Recent developments in eastern Europe raises questions about the challenges that are faced by global supply chains. In previous research we considered exposure of supply chains to conflict in Ukraine with regards to key products and potential disruptions. This report takes a deeper-dive into the importance of natural gas for global supply chains.
Natural Gas Has Political and Economic Significance
What’s so special about natural gas?
Natural gas has received significant attention, as Russia is a major supplier and Ukraine a major transit route to Europe. That’s come at the same time as natural gas reserves in Europe have reportedly fallen to around 35% of capacity currently, from 80% at the same time of 2020. The latter has led to accusations, denied by Russia, that it has cut supplies to cover long-term contracts only and ignored price signals that should have elicited more exports.
In the short term, the German government has specifically raised concerns that Russia may cut gas supplies to Europe in the event of a conflict, or in retaliation for sanctions linked to such an event.

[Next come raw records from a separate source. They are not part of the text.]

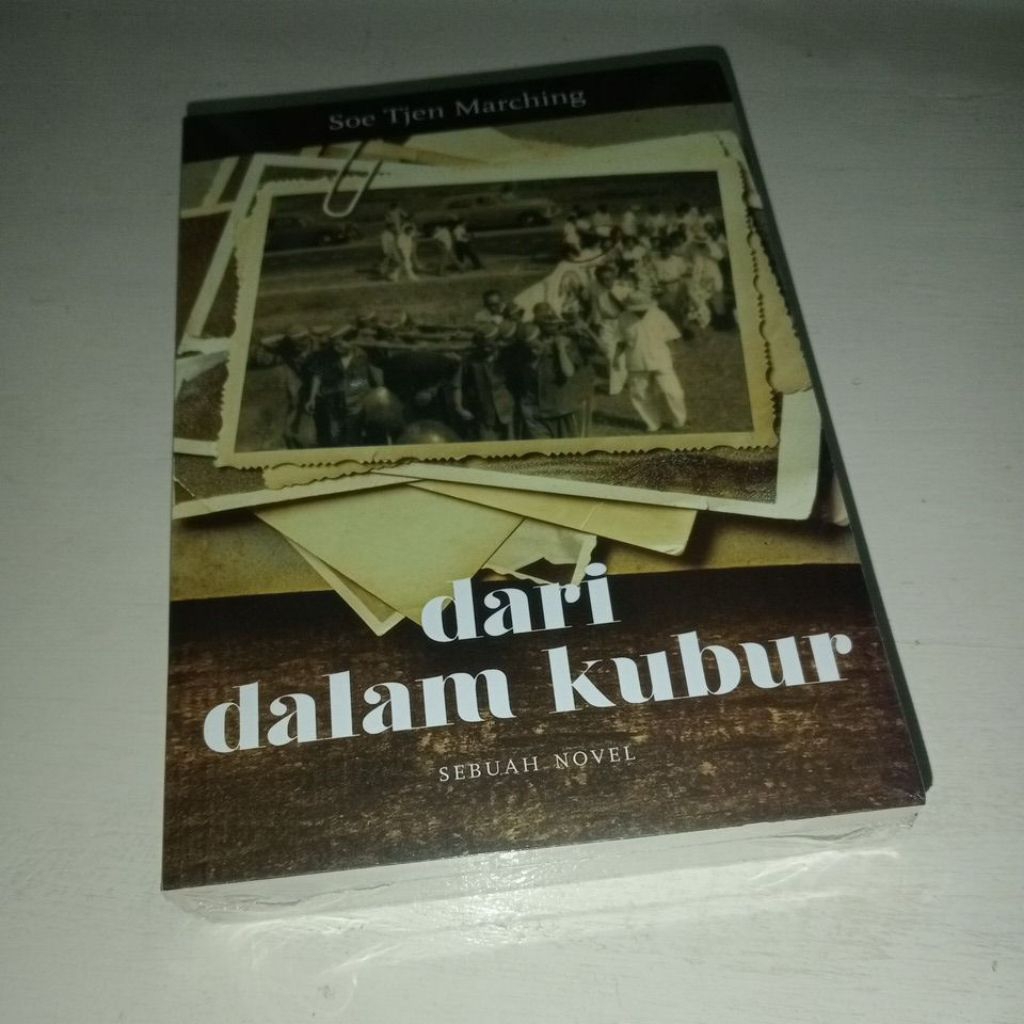 Dari dalam kubur
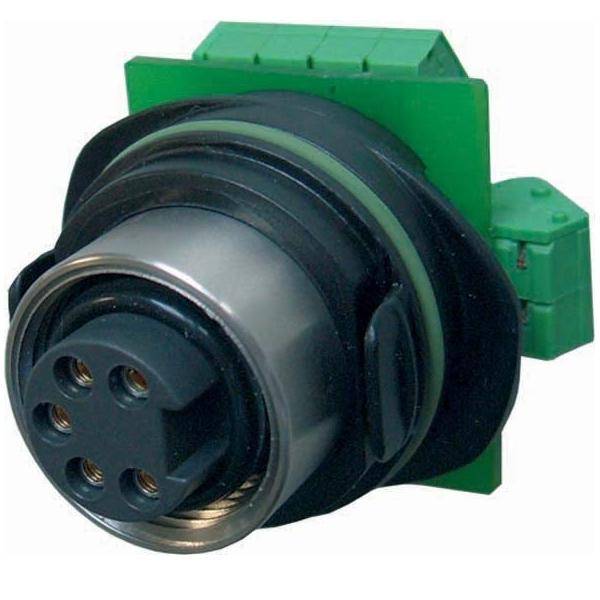 Ein runder 4-poliger elektrischer Steckverbinder mit schwarzem und silbernem Gehäuse, der an einer grünen Leiterplatte befestigt ist und wahrscheinlich für industrielle Anwendungen verwendet wird.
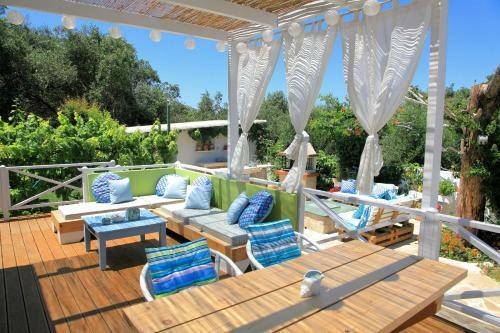 Blue Sky Cottage, Kanouli Beach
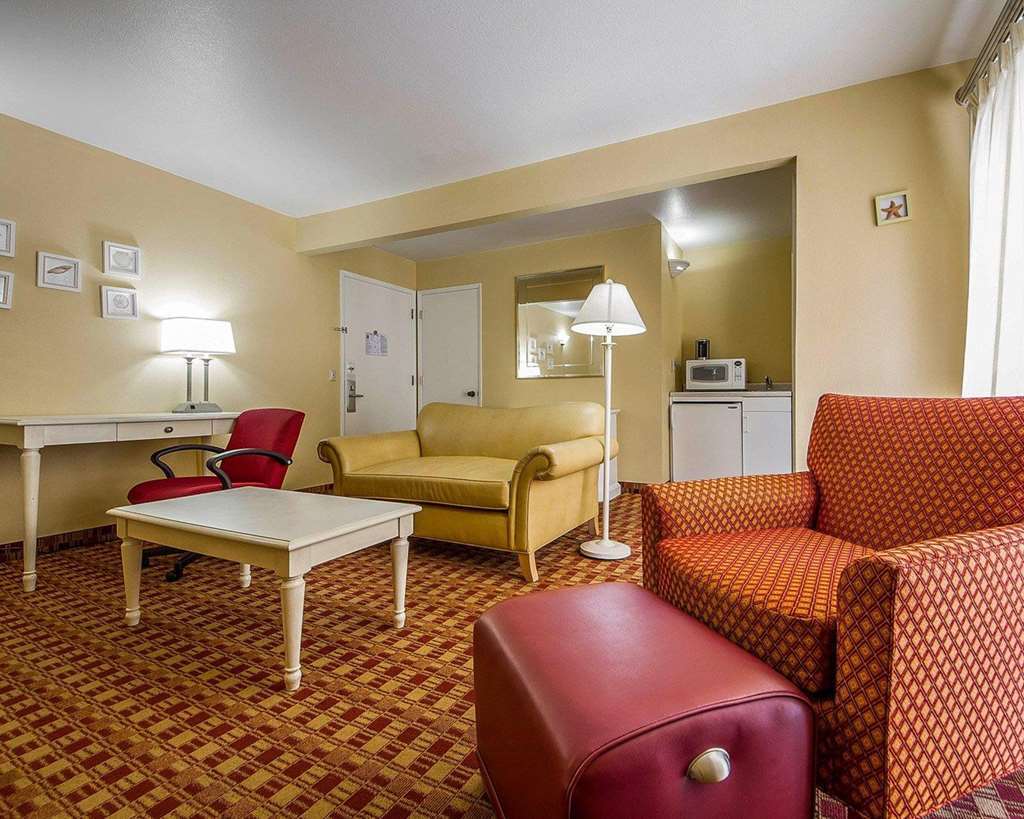 Quality Inn & Suites Capitola Bilik gambar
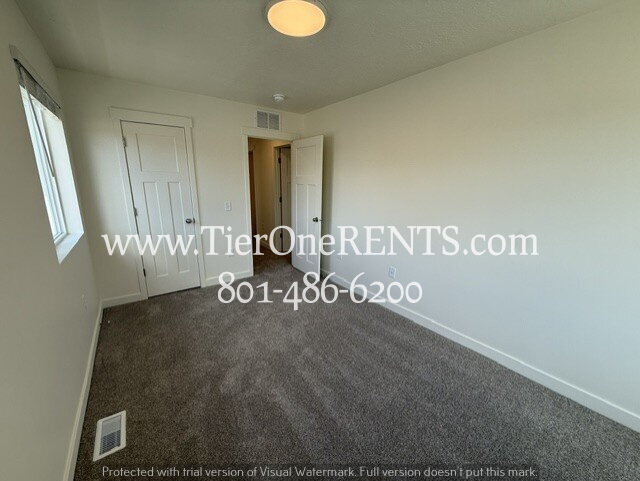 Building Photo - NO DEPOSIT option available for qualified renters with Obligo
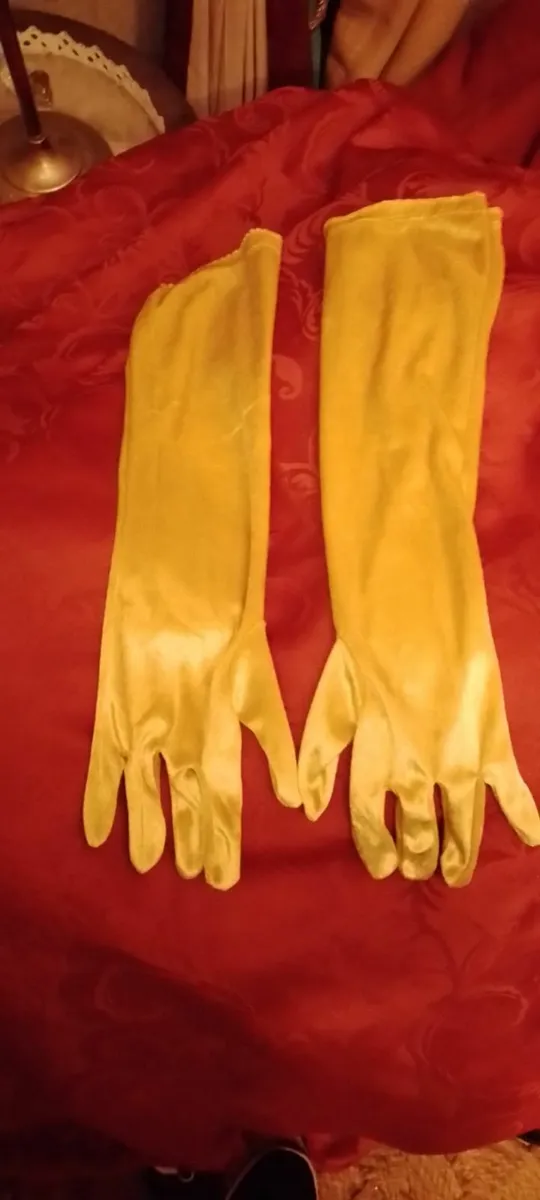 Crossdresser? Lingerie leatherlook etc - Image 4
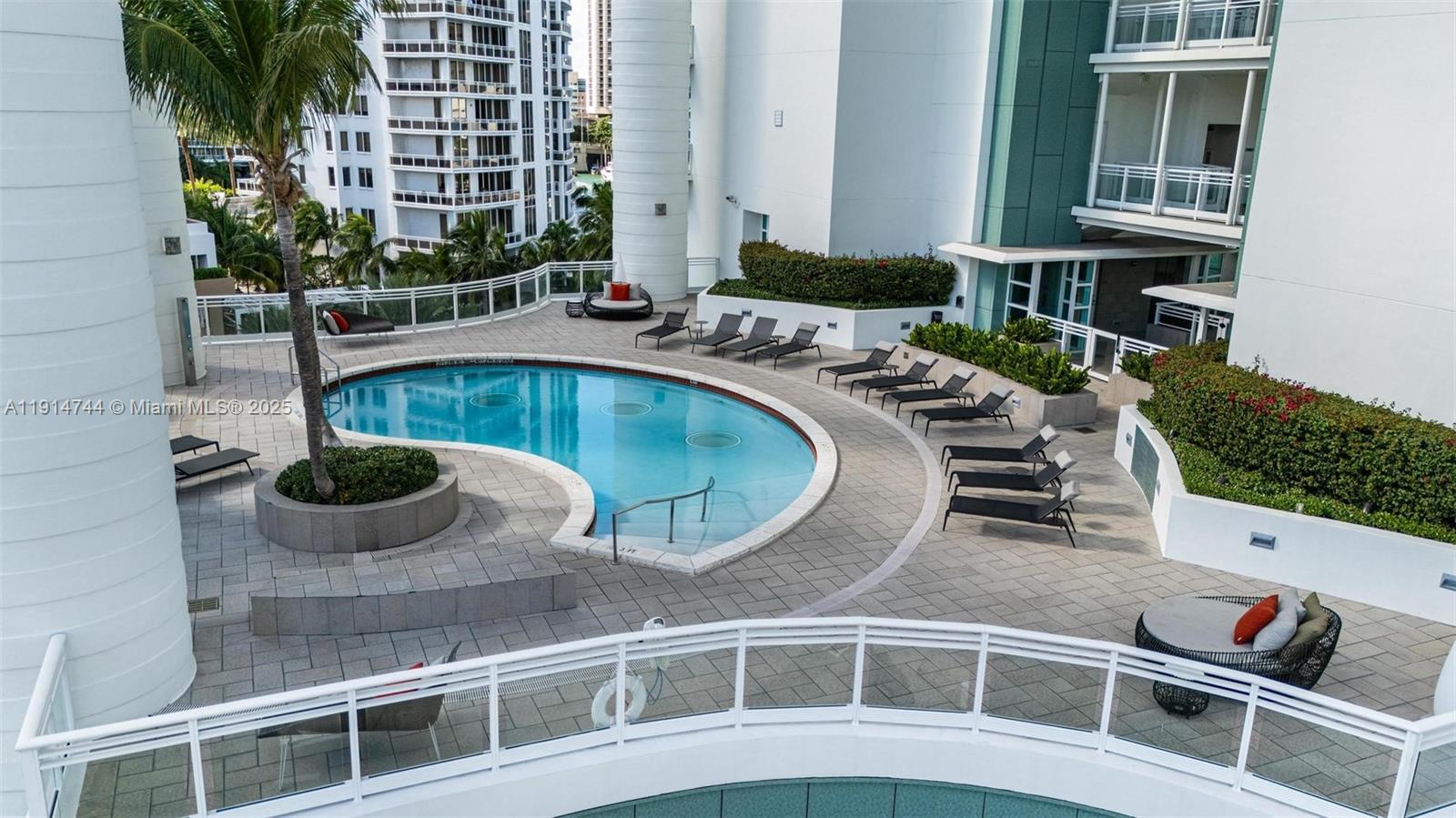 900 Brickell Key Blvd #1403 Miami, FL 33131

Germany has also called for diversification in gas supplies and has already suspended approval of Gazprom’s Nordstream 2 pipeline, which had the potential for Russia to ship gas to Europe without going via Ukraine.
There may also be complications in completing payment for existing contracts if Russian gas exporters become subject to financial sector sanctions.
Russia accounted for 10.6% of global natural gas exports in 2020 (UN Comtrade). For the EU it accounted for 23.0% of supplies directly, according to Eurostat and shown in Figure 3, and likely was the source for a further 23.1% which came via Ukraine and Belarus in 2020.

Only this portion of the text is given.